PROBLEM TO SOLVE:
Omitting all pictures, copy word for word the lines from the line containing "a living room" through the final line of the entries.

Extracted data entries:
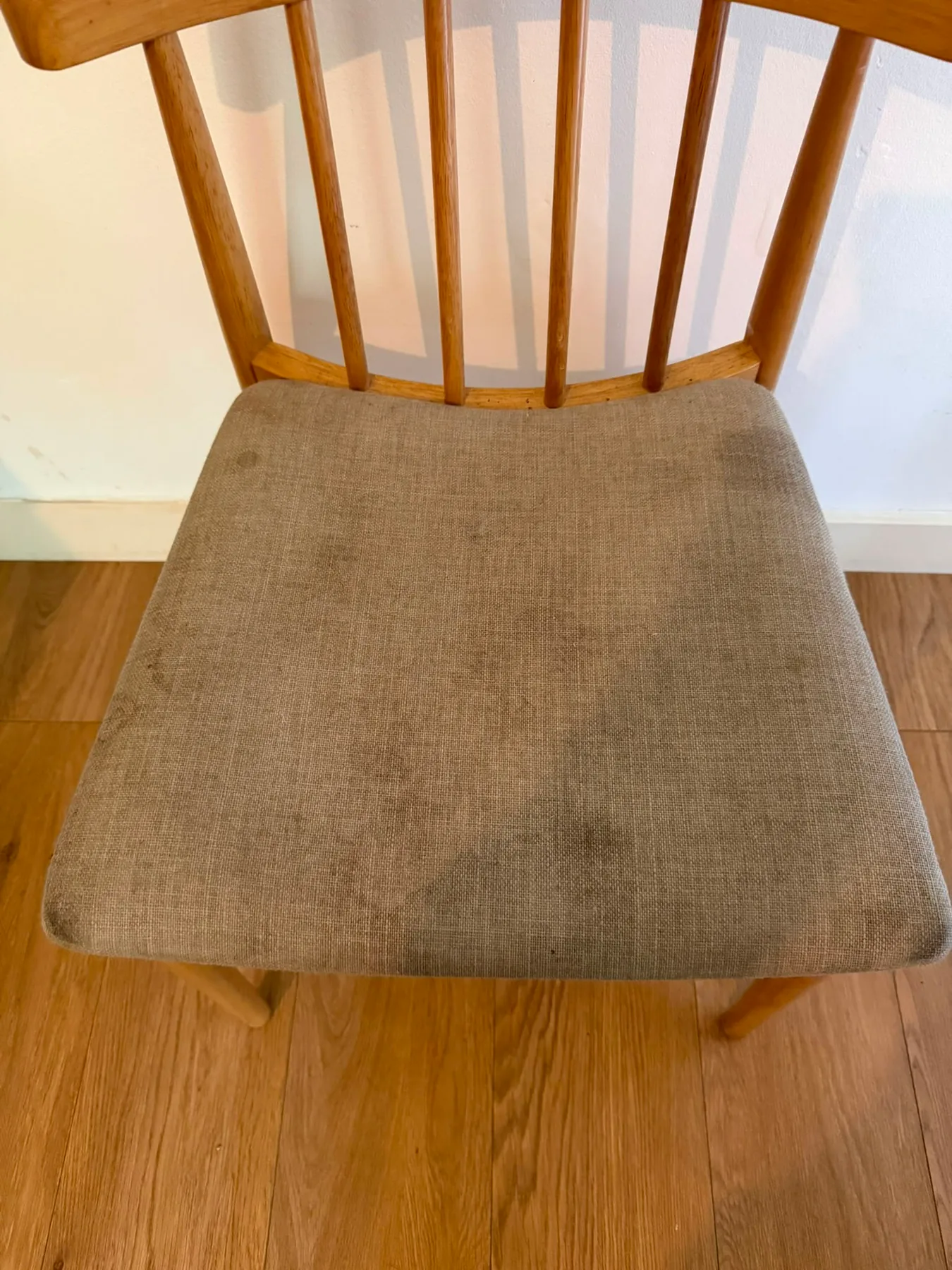 A wooden dining chair with a beige linen seat pad before cleaning, dark soiling spread across the middle of the pad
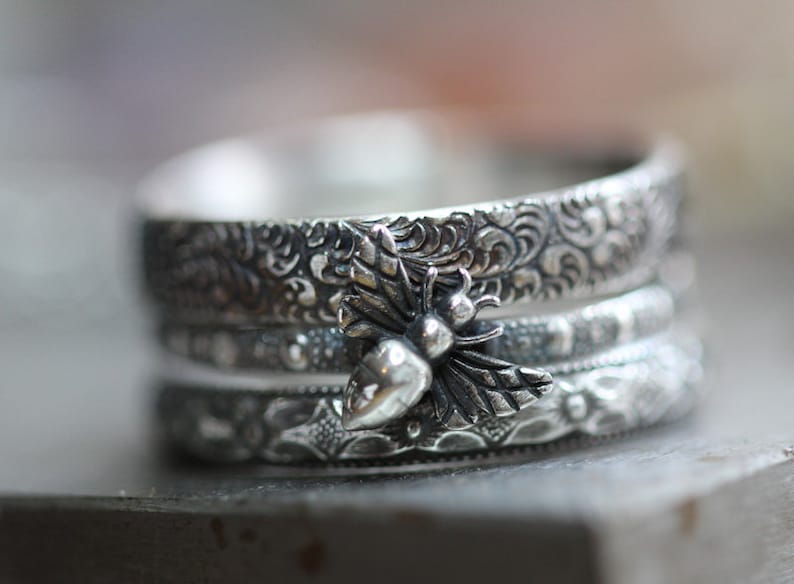 May include: A stack of three silver rings with intricate floral and scrollwork patterns. The top ring features a detailed bee charm with wings and a rounded body, adding a nature-inspired touch to the jewelry.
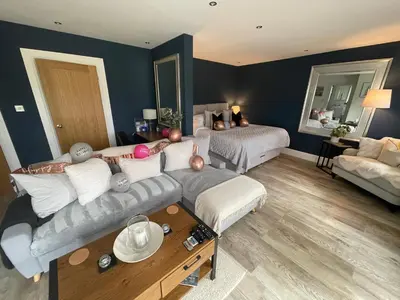a living room with a couch and a bed at Mackie lodge in Luss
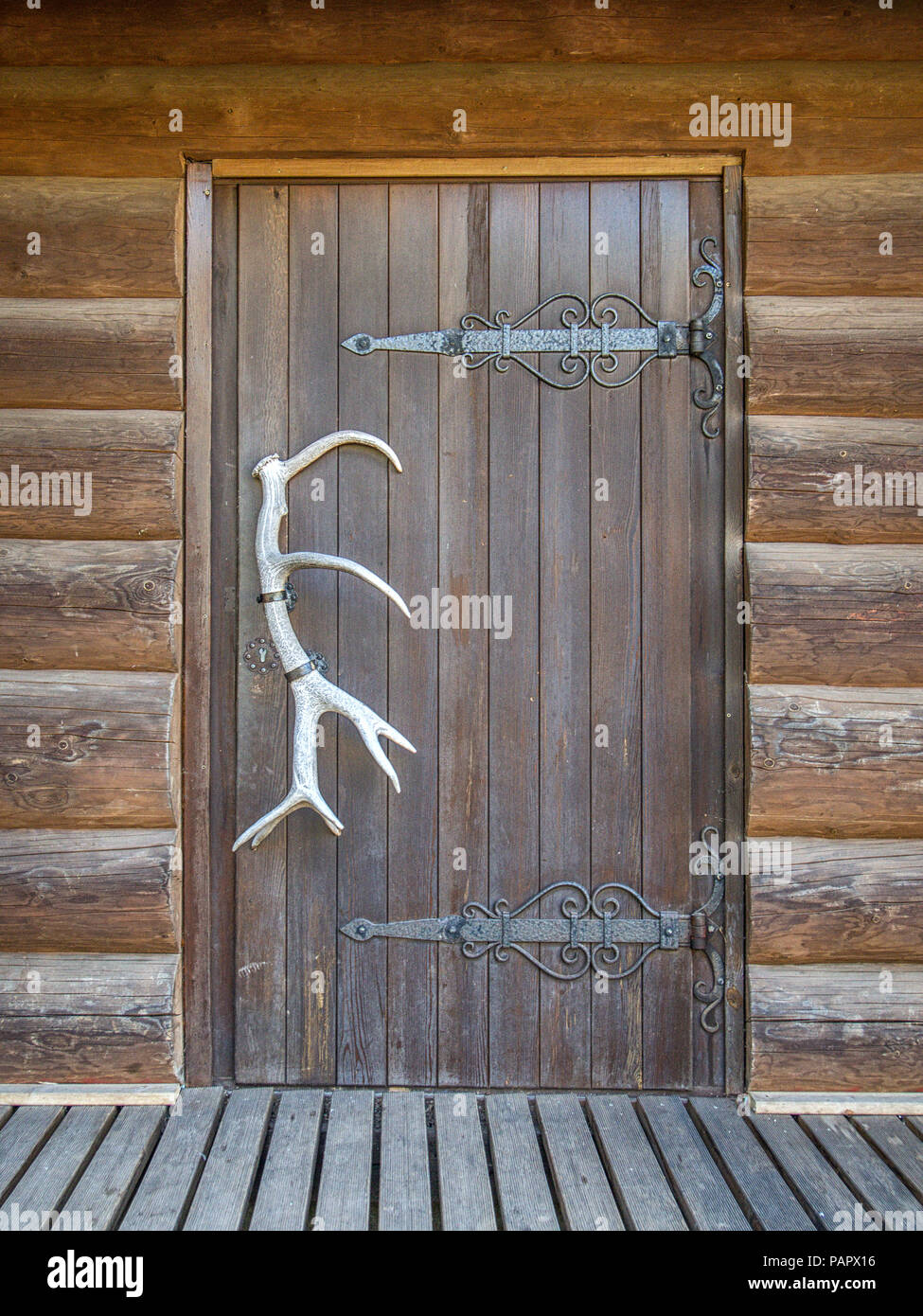 L'ancienne porte en bois, avec le bois de la poignée dans un log mur Banque D'Images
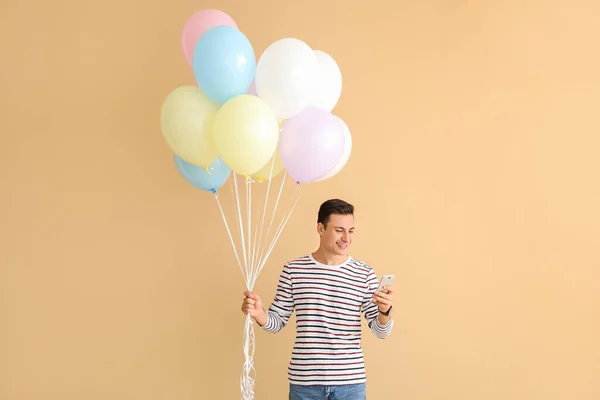 Young man with balloons and mobile phone on color background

RESPONSE:
a living room with a couch and a bed at Mackie lodge in Luss
 L'ancienne porte en bois, avec le bois de la poignée dans un log mur Banque D'Images
 Young man with balloons and mobile phone on color background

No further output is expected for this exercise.